Fu una delle pochissime donne di allora a poter proseguire gli studi, tra la fine degli anni ’50 e i primi anni ’60. Anche la scelta di frequentare le scuole superiori all’Istituto d’arte di Nove è dovuta a legami di famiglia e in particolare alla zia ceramista Maria Villanova: erano gli anni nei quali la cottura della terraglia e delle terrecotte passava dai forni a legna a quelli a gas e proprio la zia, insieme con Antonio Cecchetto stipularono il primo accordo con la Snam per garantirsi il gas necessario alla produzione. Dopo il diploma, Elisabetta si iscrive al Magistero d’arte all’Università di Firenze. Si è formata con maestri come Alessio Tasca (anche lui recentemente scomparso), Giovanni Petucco, Salvatore Cipolla e Andrea Parini. Ha anche un fratello scultore, con cui ha lavorato: l’arte, il creare bellezza con le mani, insomma, sono sempre stati il suo pane quotidiano.
All’Istituto d’Arte di Nove, Elisabetta tornò anche ad insegnare, ma solo per un anno. Poi, il ritorno a Lusiana e la fondazione della sua attività nel ’68: la Ceramiche MB, laboratorio storico che ha esportato in tutto il mondo la tradizione ceramista novese. Le sue riproduzioni artistiche hanno preso spesso il volo per gli Stati Uniti e il laboratorio di Lusiana era diventa meta di compratori americani che dal Centro Italia, da Firenze in particolare, salivano in questo paesino sperduto per scegliere e compare le sue opere.
“Una vita normale ma straordinaria – racconta ora il figlio Beppe Cantele – anche se lei riteneva sempre di non aver fatto niente di particolare. Amava vivere in disparte, ma in realtà era la prima della classe. Non le interessava apparire, diceva sempre che di buono aveva fatto i suoi tre figli. E’ stata maestosa e irraggiungibile. Come ho detto al funerale, è morto un poeta”. La MB adesso è passata nelle mani della figlia Marita, mentre l’altra figlia, Giovanna, come Giuseppe è avvocato.
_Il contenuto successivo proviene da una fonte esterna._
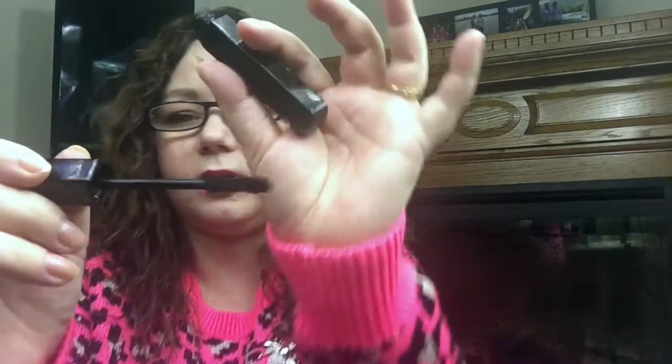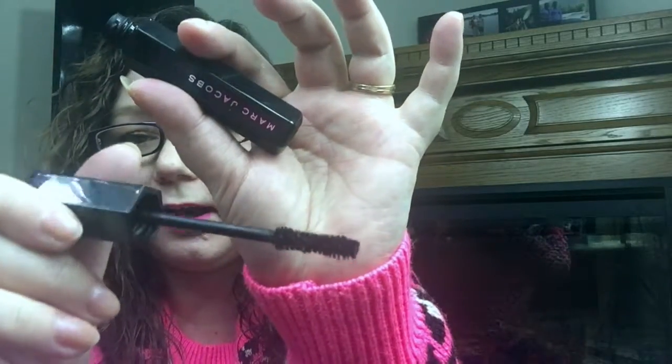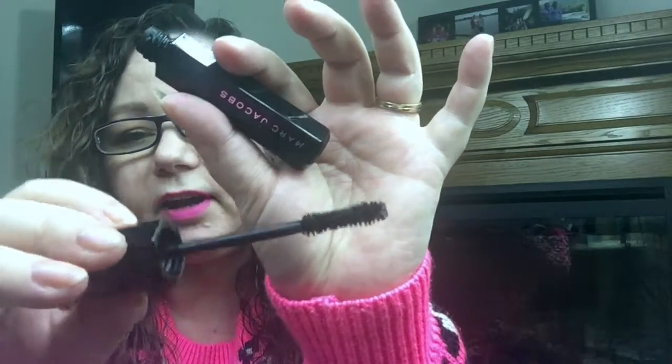The Noir Velvet Volume Mascara — it's in this octagon kind of shape, and you gotta be careful because there are a couple out there. It has the hourglass applicator. Absolutely wonderful — I love it, I love it so much.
“È stata lei – aggiunge il figlio – a spingermi ad aprire la casa editrice cinque anni fa e qui ha investito i suoi risparmi, anche se nelle occasioni pubbliche, alle presentazioni, rimaneva in disparte. E’ stata una donna coraggiosa, molto umile, una filantropa e anche una visionaria attenta, che ha sempre creduto al bello e alla meraviglia. La casa editrice Ronzani è anche una sua iniziativa. Aveva corretto bozze fino a poco prima di sentirsi male”.
Al funerale ha voluto esserci anche il grande maestro dei Crodaioli, Bepi De Marzi. Sul necrologio, i figli e il marito hanno voluto una frase di Mario Rigoni Stern: «La primavera, non l’autunno, è la stagione per morire. Ha un odore preciso, definito, fresco, umido, vitale. Quel profumo ti promette che la vita continua, anche se te ne vai; e questo è meraviglioso». “E se n’è andata – sottolinea il figlio – proprio in una notte di primavera, sotto un cielo di stelle, guardando la pianura. Positiva fino all’ultimo istante”.